▶ INSTRUCTIONS TO FOLLOW: Look through the listing below and write out exactly the lines from the line with "The famous Krishna" to the line with "雪花白石材為什么會(huì)不平整呢", both included, and no others.

▶ DATA SHOWN:
# # # # # # #
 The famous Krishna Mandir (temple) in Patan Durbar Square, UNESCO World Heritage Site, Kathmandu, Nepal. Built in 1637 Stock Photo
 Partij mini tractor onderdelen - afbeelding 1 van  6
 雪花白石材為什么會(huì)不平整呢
# # # # # # #
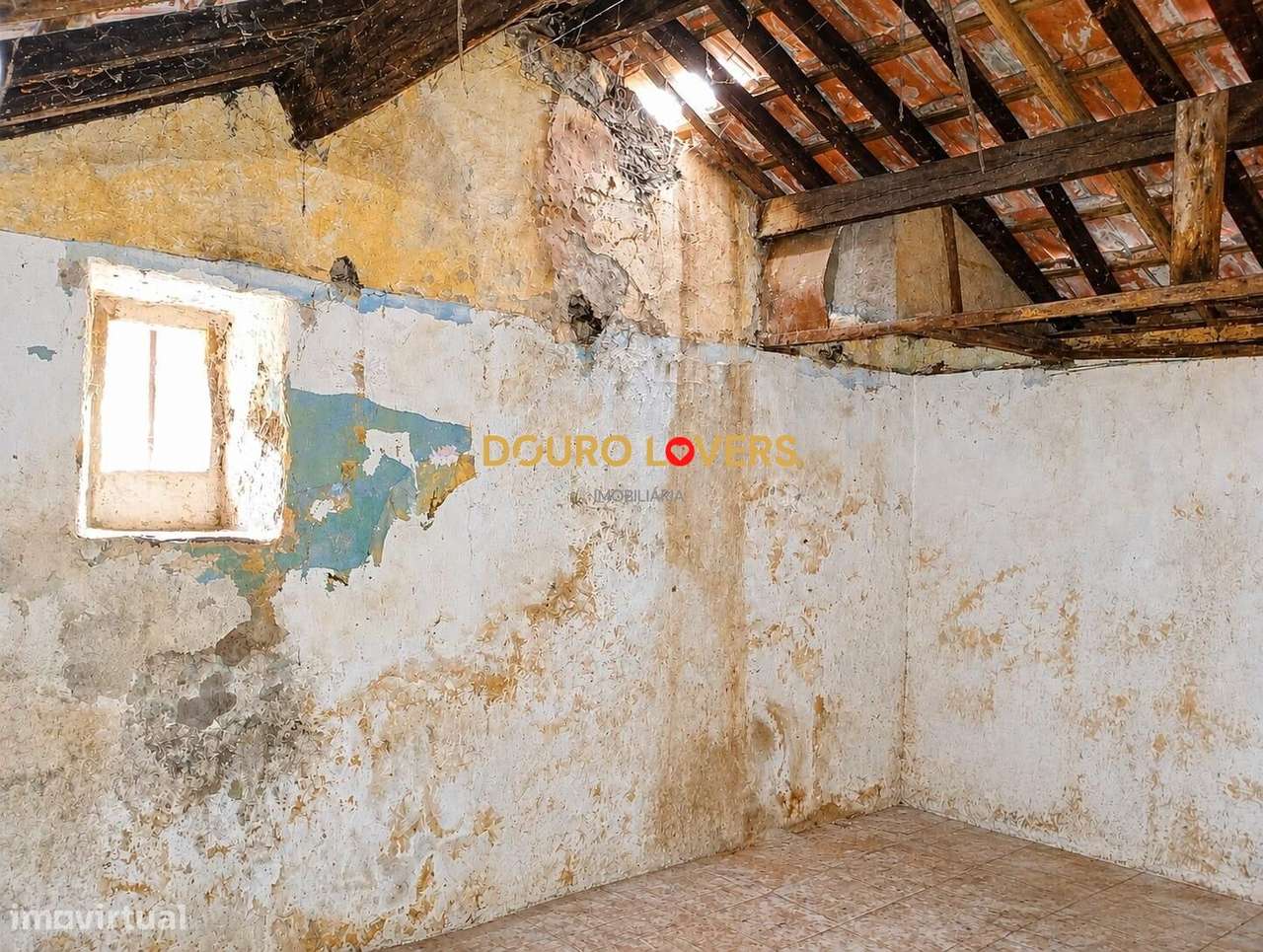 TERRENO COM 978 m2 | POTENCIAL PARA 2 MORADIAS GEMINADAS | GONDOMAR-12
# # # # # # #
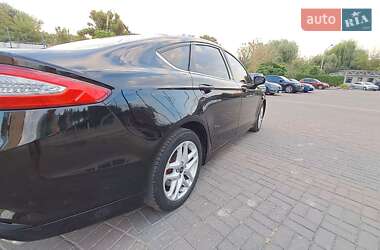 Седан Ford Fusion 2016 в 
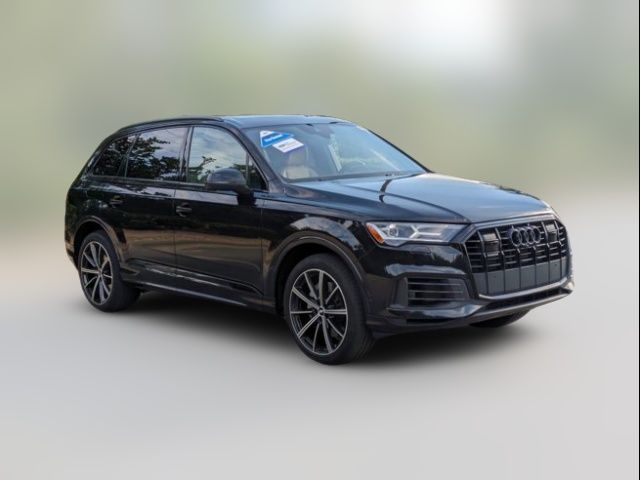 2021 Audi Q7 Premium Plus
# # # # # # #
▶ RESPONSE TO THIS EXERCISE:
 The famous Krishna Mandir (temple) in Patan Durbar Square, UNESCO World Heritage Site, Kathmandu, Nepal. Built in 1637 Stock Photo
 Partij mini tractor onderdelen - afbeelding 1 van  6
 雪花白石材為什么會(huì)不平整呢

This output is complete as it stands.